Serene House was what we called it.
We did our bit in that war.

Air America brought them from the battlefield.
We lifted the girls from the suburbs by buses:
Chinese, Indian, Malay, Eurasian,
Healthy and well-fed and full of play.

There were cameras in plenty, tape-recorders
And binoculars for the soldiers to buy
For the girls; for the girls to sell back
To the shops; for the shops to sell to the soldiers.

Serene House was near the varsity. The GIs
Strayed across the campus with Nikons and blank faces:
It was feared they might assault the female students.
They seemed scared of their own cameras.
They looked at nobody; nobody looked at them.
That violence down the road -
It was good for business, and we did our bit.
Otherwise it was a vulgar subject.

Once I found a GI in the corridor,
Young and dazed, gazing at the notice-boards.
The Misses Menon, Lee, Fernandez, Poh and Noor
Should report for a tutorial at 3 p.m.
Bringing their copies of The Revenger’s Tragedy …
If Mr Sharma fails to pass his essay up this week
He will find himself in serious trouble…
The Literary Society seeks help in cutting sandwiches …

He was still there thirty minutes later,
A stunned calf.

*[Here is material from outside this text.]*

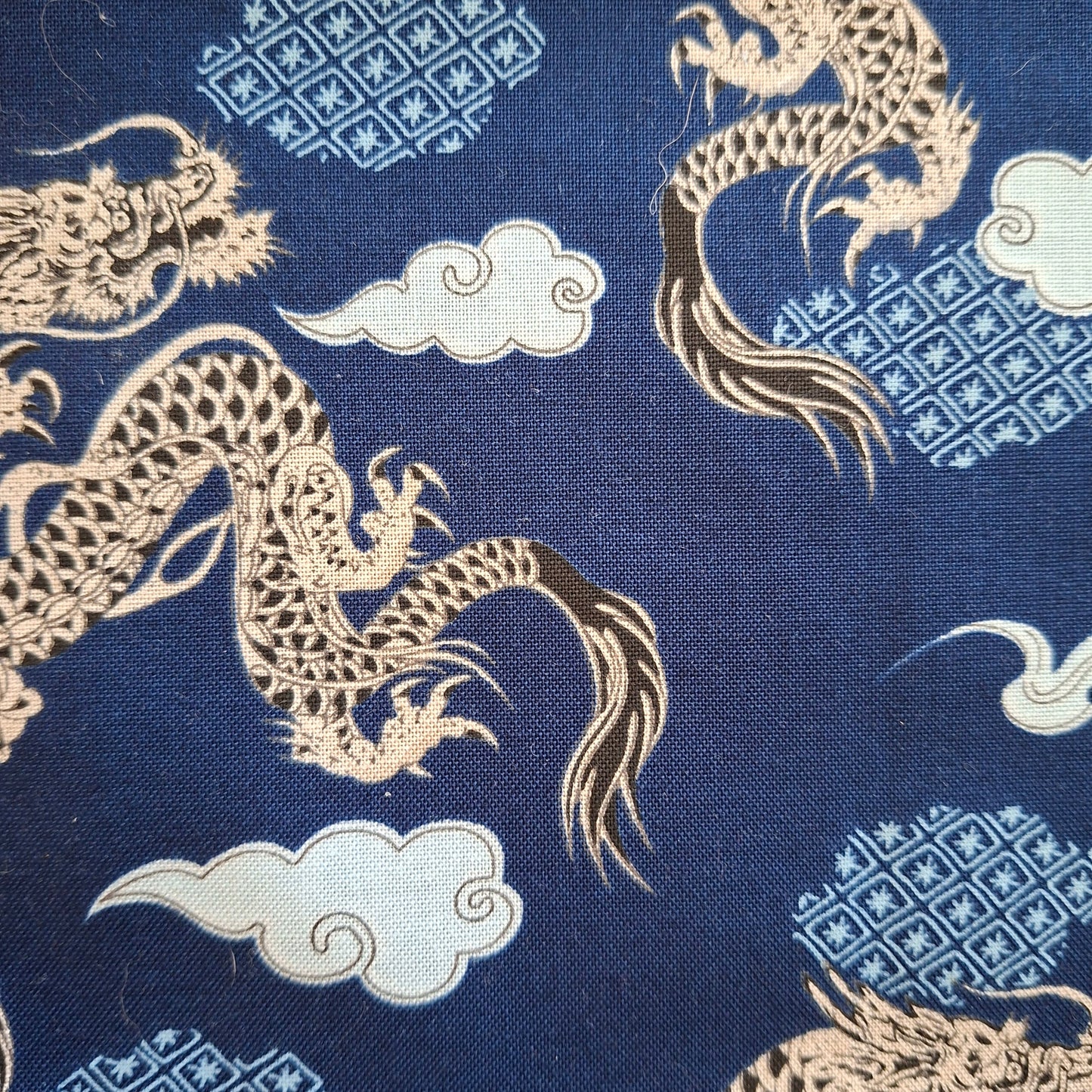 Fabric with gold dragons and geometric patterns on a blue background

I asked if I could help.
He shrank away: ‘It is not allowed to stand here?’
The corridor was dingy, walls streaked with bat shit,
somewhere a typewriter clacked like small arms.
‘Is there … would there be a … library?’
One of the best in fact in South-east Asia. -
I offered to show him. He trembled
with a furtive pleasure. His only licence
Was to kill, to copulate and purchase cameras.

What sort of books would he like to see?
Outside in the quad he was jumpy,
As if unused to the open. He glanced behind,
Then whispered. Yes, there was something …
Did I think …

What could he be after? The Natural History
of the Poontang, with Plates, by some defrocked
Medico called Aristotle? How to Get to Sweden
By Kon-Tiki through the Indian Ocean?

‘Would they have anything …’ A quick look
Round – ‘ … by Cardinal Newman, do you think?’
I left him in the stacks, the Apologia in his hands,
He didn’t notice when I went away.

Inside Serene House, in the meantime,
Girls galore (such lengths we went to!)
Lolled on the benches, played with binoculars,
Clicked their empty cameras, and groused.
The soldiers were happy to quit Vietnam;
Five days with us, and they were glad to go back,
Rest and recreation, they said, was too much for them.
We weren’t surprised when the Americans didn’t win.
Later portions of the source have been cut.